There are some who insist that in producing this document the CPGB were merely ‘following orders’ from Stalin as the Class against Class position had been adopted by the Communist International and it was simply given to them to apply. This theory does not hold water because it ignores the role that the CPGB played in the Communist International where they took part in all the discussions and put forward their own experiences which, especially after the General Strike led them to describe the Labour Party in the following terms: ‘This Party is the third capitalist party. It lays claim to the title of Socialist Party, but has nothing to do with socialism. Whatever associations it has with the working class are due to its development as a parliamentary wing of the trade unions, now turned to account as the means of subordinating the trade unions to its dictatorship on behalf of capitalism. It rejects working class politics and exploits the workers’ organisations for “national politics”.
‘The Labour Party ‘in principle’ stands for the nationalisation of the banks, land and industry by purchase, i.e., State capitalism, but relegates in practice even this “principle” to the far distant future. Meanwhile it is prepared to advocate the development of rationalisation of industry. A common ground is thus provided in its programme for the co-operation of Tories, Liberals and Labour. The Labour Programme says (Labour and the Nation, pp. 15, 16), “they”, (the capitalists) “will be well advised to begin by setting their own house in order – to modernise their organisation, improve their technique, eliminate waste and apply more intelligently the resources which science has revealed”.
What is more, Class against Class also told people exactly why the CPGB had gone from a position of giving some support to the Labour Party to now opposing it in the section headed ‘Our Changed Attitude to the Labour Party’ which says: ‘Prior to the formation of the Labour Government in 1924, the Communist Party, although the leaders of the Labour Party were as treacherous then as now, advised the working class to push the Labour Party into power whilst sharply criticising and exposing the leaders of the Labour Party. To-day this policy is no longer possible for the following reasons. The situation of 1929 is entirely different from that of the years prior to the General Strike and the Labour Government of 1924. In the years immediately after the war the Labour Party, in spite of its anti-working class leaders, was forced by the pressure of the workers into action against the Tories and Liberals, e.g., threatened general strike against war on Russia, demand for a capital levy, repudiation of the Versailles treaty, big working class action on wages and hours of labour, etc. The Labour Party also had not yet become a closely knit party with a single discipline. It was a federation of trade unions and parties offering facilities for criticism from within and a means of struggle for our Party to battle against the middle-class leadership and to strengthen the working class force within it.

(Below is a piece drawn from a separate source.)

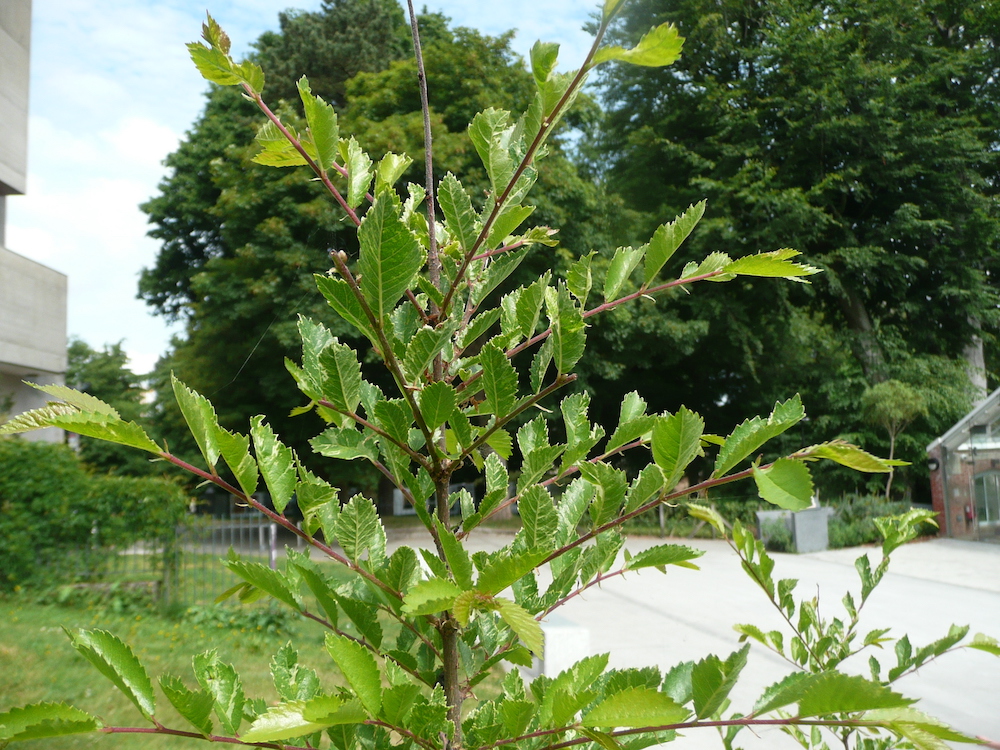 Branch of Zelkova carpinifolia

‘The Labour Government exposed the Labour Party leadership completely. It proved the Communist Party criticisms to be correct. The “Minority” Labour Government was nothing more that a coalition with the Tories and Liberals. The Labour leaders “led” the General Strike only to betray it in the face of the challenge from the State. The General Strike raised the question of class power – which class shall rule in Britain. The Labour Party leadership of the General Council of the Trades Union Congress were against the struggle for power. They stood for capitalist power against working class power. They co-operated with the Tories in the defeat of the General Strike, but from within. They denounced the General Strike and propagated against it. They developed the offensive against the Communist Party and the revolutionary workers who stand for the working-class struggle for power. They tied the trade unions to the Tories and Liberals under the banner of Mondism and transformed the Labour Party from a federal organisation to a single party with a capitalist programme under the banner of “Empire and Mondism”. It is now no longer possible for the Communist Party or the trade unions to bring pressure to bear on the Labour Party from within. It is a completely disciplined capitalist party.
‘The Communist Party, as the party of the working class, must of necessity therefore explain to the workers in deeds as well as words the completely changed situation, and set before the workers the means of advancing to socialism.

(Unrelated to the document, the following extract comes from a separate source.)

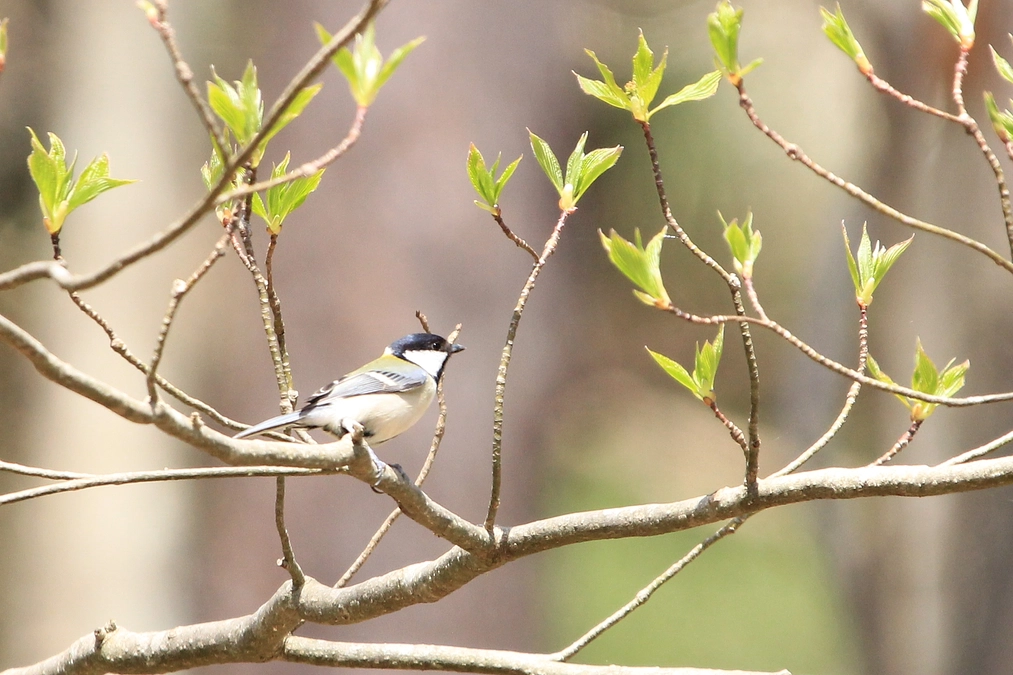 子どもたちが過ごす多様性豊かな森のために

‘These are the reasons for the Communist Party’s exposure and denunciation of the Labour Party as the third capitalist party, and why it puts forward its candidates against the Labour Party and selects its leaders for especial challenge.
‘Class is against class. The Labour Party has chosen the capitalist class. The Communist Party is the party of the working class.’
Class against Class stands up pretty well overall as a revolutionary programme of over 70 years of age. Yes some circumstances have changed, the tactical answers to some problems have altered but the basic revolutionary attitude towards the Soviet Union, Internationalist duty, the Labour Party, revolution by force as the only method of overthrowing the bourgeois dictatorship and promoting the dictatorship of the proletariat as the only means of protecting the revolution and its gains are all there shining through as a wonderful example of how the programme of a Marxist-Leninist party should be written. This is also a valuable indicator of the high level of class consciousness of the working class in 1929 Britain. Today we start at a lower ideological level thanks to years of Social-Democratic leadership of the working class and revisionist and Trotskyist treachery, but that does not make our job impossible, on the contrary, it is still just as possible if perhaps a little harder. We can only address this problem by making ourselves better equipped to teach the necessity of revolutionary struggle and understanding to workers and to lead that revolutionary struggle. We must study what was correct in previous historical periods and how and why things ‘went wrong’.
For Soviet Britain
The first ‘official’ programme was produced in 1935 and adopted by the CPGB as its programme in February that year at the 13th Congress, it was simply called For Soviet Britain (FSB). The world situation had once again changed and it was in this period that communists world-wide were trying to establish united fronts to combat the rise of fascism as a weapon against organised working class resistance on the part of the bourgeoisie. For Soviet Britain described the then current scene as such: ‘it is not only poverty and insecurity and unemployment which threatens the majority of the British people. For the great capitalist employers, the great financiers and bankers have one last use for us all, even after it has become unprofitable for them to employ us; and that is to recruit us for war. Just as in time of war the scrap metal of industry is fed back in the blast furnaces to make shells and guns, so now the ‘scrap men’ – which is all that ‘great bodies of men’ have become for the capitalists – are to be fed back into the gigantic machine of capitalist war.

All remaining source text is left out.